When you are happy with the color wash barrel with baking soda to neutrilize the solution dry the barrel w/propane torch and soak w/WD40 and leave sit for a day or two.

If you are going to Rust Blue The barrel skip the above step until after the hot water treatment.
Any questions just give me a holler.
 
The black color you got after the first coat is normal. It will change after you put on more coats.

I have had excellent results browning barrels in my bathroom. I hang the barrel from the tang and place a small humidifier in the room set on low. If you put on the first coat right after you've taken a hot shower, it will give you a good start on the browning. Just don't get any of the browning solution on the counter (don't ask me how I know). :redface:
 
Don't worry about the black. You don't want the copper color which comes from rubbing. Very hard to get rid of. I would start over and don't rub so hard you get the copper. You shouls have plenty of humidity there in PA this time of year so I don't think you need a sweat box. Ideal seems to be about 75% humidity.
 
The black areas isn't really the browning.

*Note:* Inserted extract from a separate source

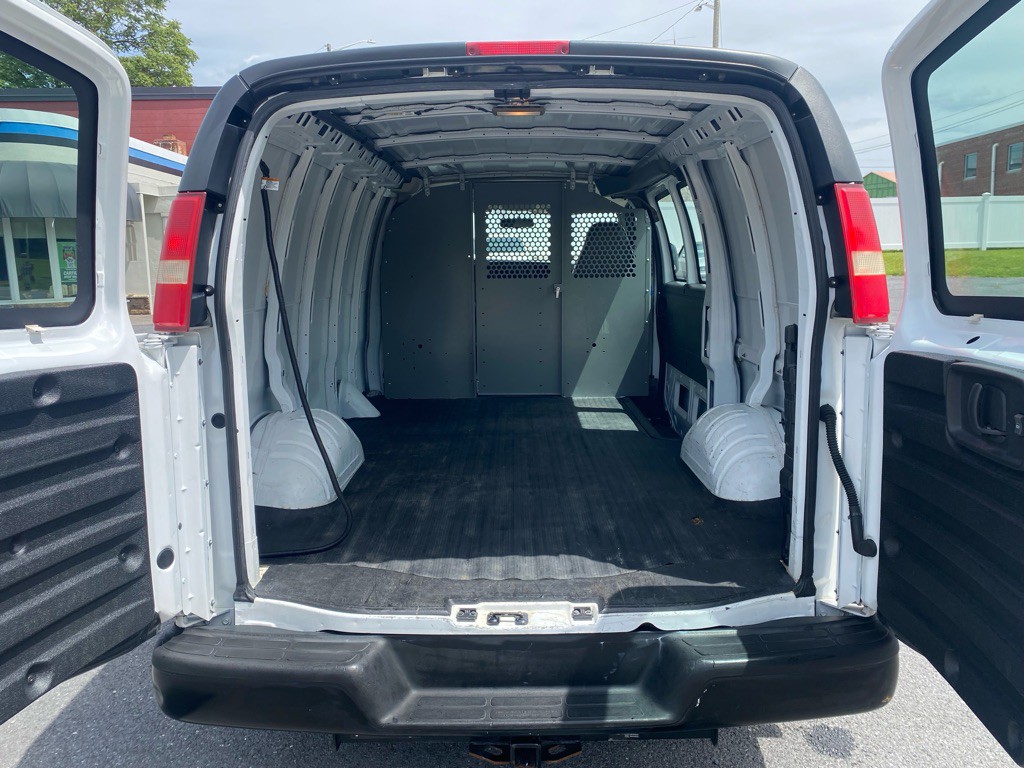 2005 Chevrolet Express Image 8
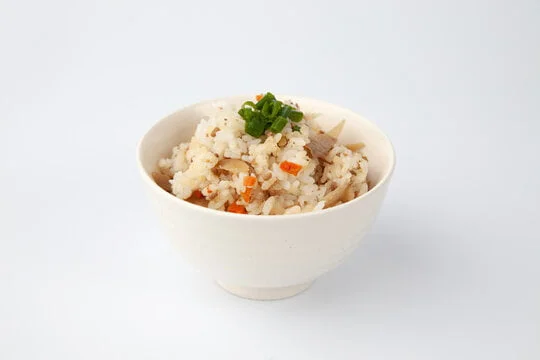 Découvrez le somptueux Takikomi Gohan (Takikomigohan) en 8 recettes simples 2 Un bol de maze-gohan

It is just the results of some of the chemical reactions caused by the solution biteing or etching the metal.

After it gets a good bite, with enough humidity it will start actually rusting the surface.

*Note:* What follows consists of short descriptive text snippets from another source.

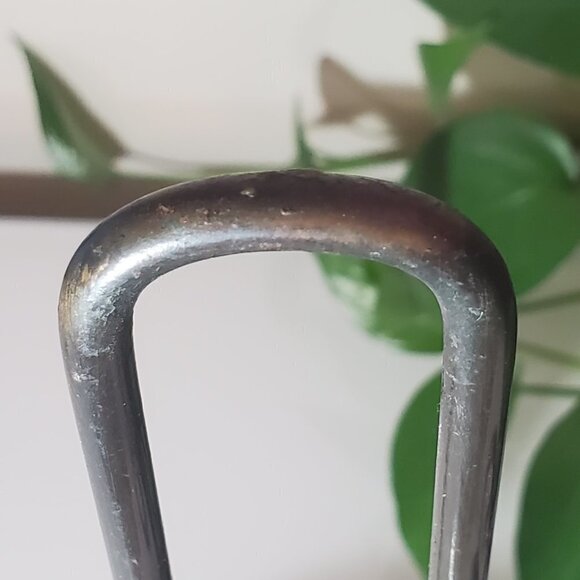 Metal Paper Towel Holder - Vintage - Decorative - Picture 9 of 9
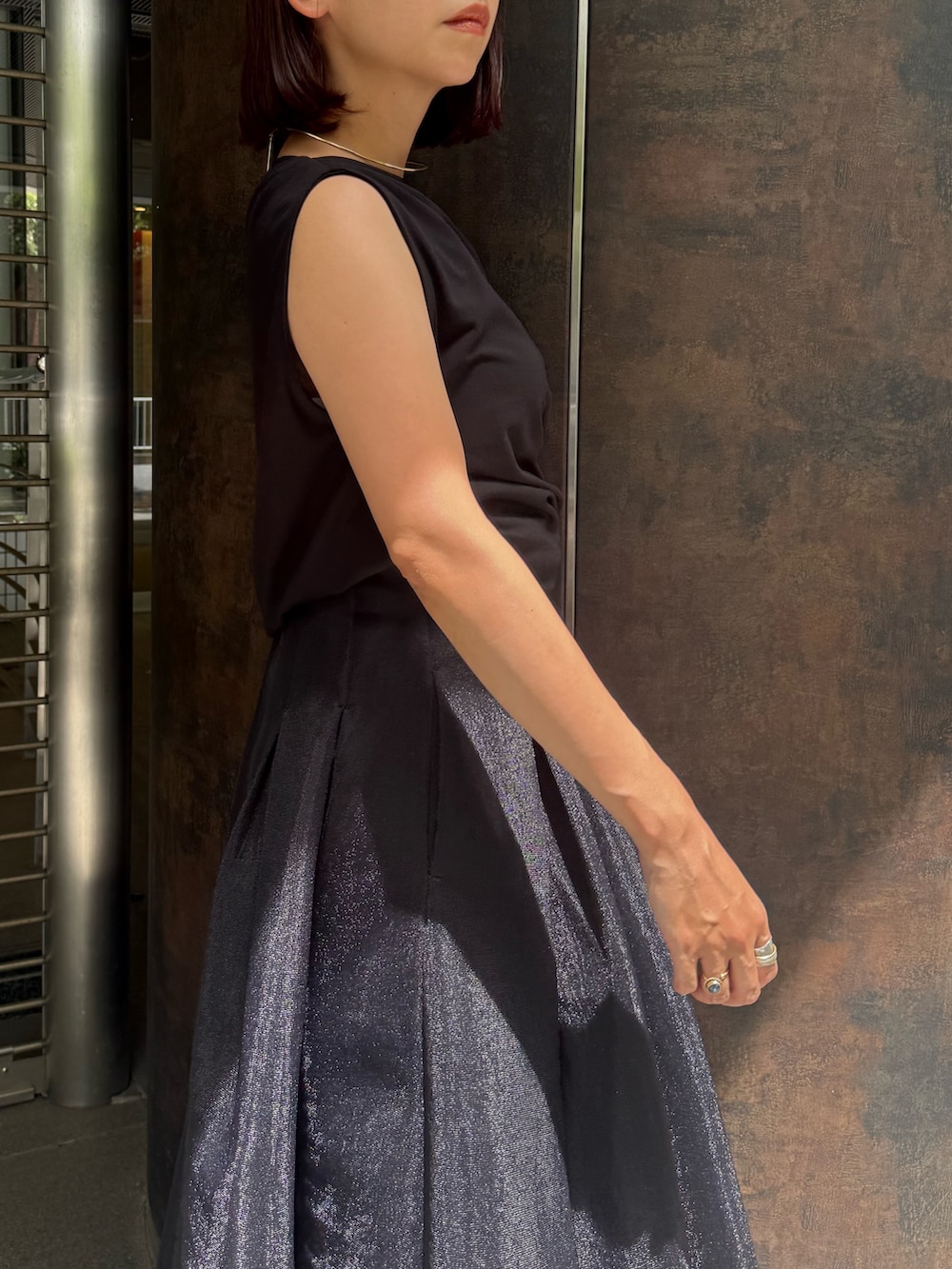 ブラック系のTシャツ/カットソー、その他のパンプス、ブラック系のスカートを着用したレディースの夏コーディネートの8枚目の写真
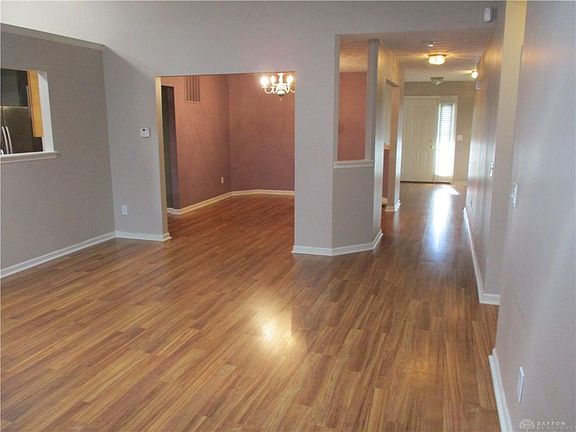5th image of 93 N Glen Oak Dr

The red colored rust is just a flash rust that was caused by too much solution being applied. At this point in the game it doesn't really hurt anything but it would be just as well to rub it off with some course clean cloth.

I think time is the main thing that your barrel needs.
Unless the humidity is very high this process takes a while. A lot more than an hour or so.

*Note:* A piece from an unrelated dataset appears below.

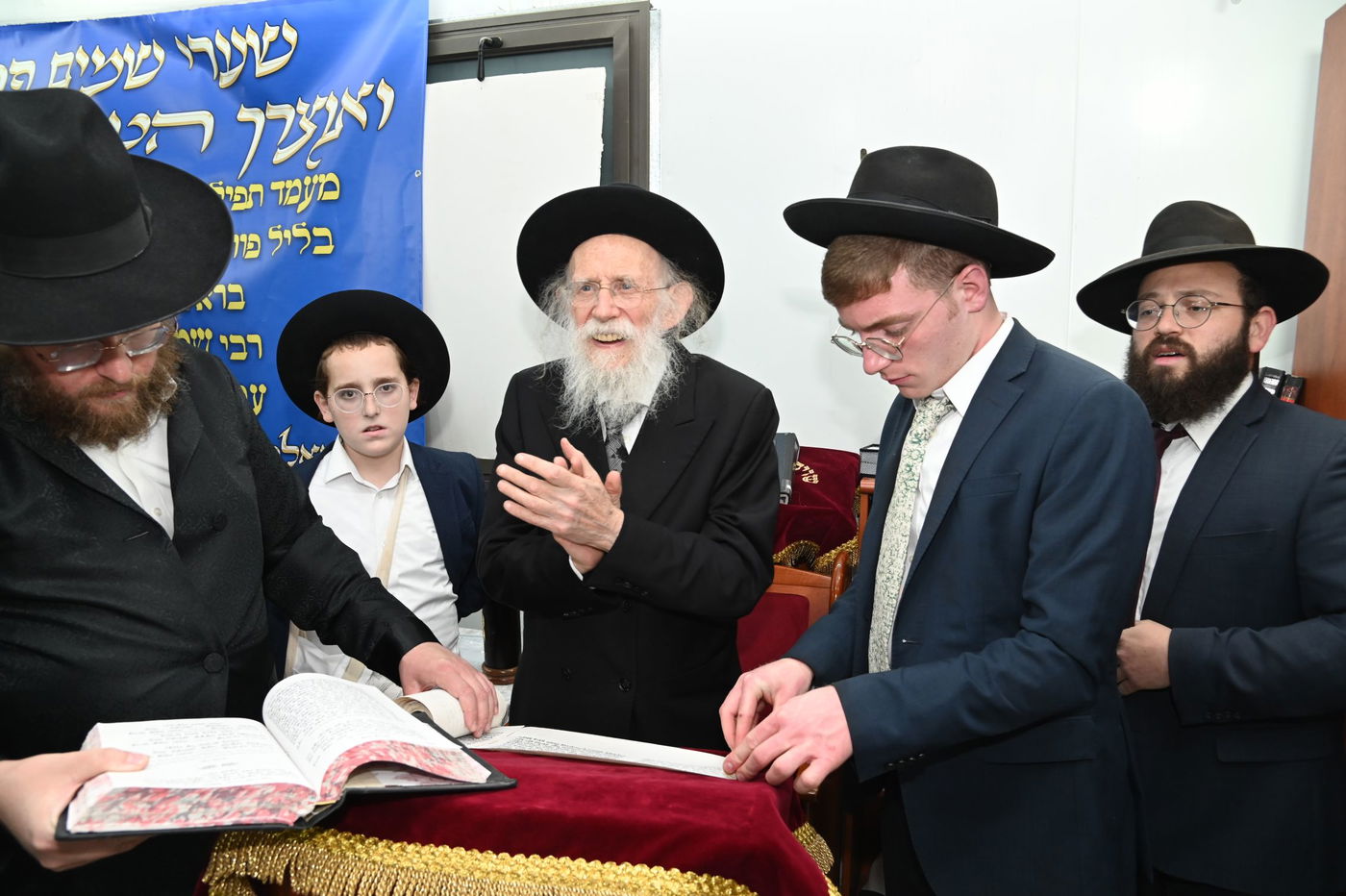 פורים אצל הגאון רבי שמעון גלאי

The copper flash can cause some real problems.
Copper will protect the steel under it so that it will not rust. You should resand those areas where any copper shows. After sanding, reapply the solution and give it some time to work.

As the others have said, you should be applying a thin (not runny) coat of the solution. There may be areas that aren't covered but don't worry about them. It is better to just leave them alone than it is to try to recover them.
The solution will treat recovering the missed areas just like it will treat rubbing. It will produce copper flash.

As I say, don't worry about the missed areas. You will be applying the solution many times and the next coat will get the missed areas.
The coat after that will start to even things out and the coat after that will even things out even more. Before long, the entire barrel will be one even colored piece. :)
 
A haur dryer or heat gun for removing paint are good ways to dry things out and avoid an open flame,caution is still needed as these puppies can burn ya to.
 
I'm gettin there now.... just gotta learn to relax a little and let the chemistry happen.
thanks for the words of wisdom.
couple more overnight coats this week.
then I'm going to boil it black and work most of it back off.


LMF5thcoat.jpg
 
Looking good friend. Remember to use distilled water only.
 
I know this is an old post,but do you have a photo of the barrel after "boiling to black"
Im about to start putting together a fowler,and think I would like to lmf rust blue it.
I had thought you had to scald after each coat of browning solution.
 
this was the "rough" boiled look, after one session of boiling water, prior to carding, rusting, and boiling a 2nd time.
The 2nd time made it deeper and blacker and more even.
BarrelBoiled.jpg


you can sorta get the feel of my finished look on these - I rubbed mine back a little to look like wear on the high spots. Not sure I'd do that again.

FinishedTang.jpg
FinishedEntryPipe.jpg
 
You really do not have to scald the part between coats. Just get the browning done and DO NOT APPLY OIL.
Then, scald it in boiling distilled water and the brown rust (ferric oxide) will be converted to black rust (ferro-ferric oxide) or "bluing" as it is often called.
 
Great photos meteorman,that is the finish Im goin to go for.
Scalding only after the browning is complete sounds much easyer than after each coat.
I guess I should play around with some scrap before I plunge in.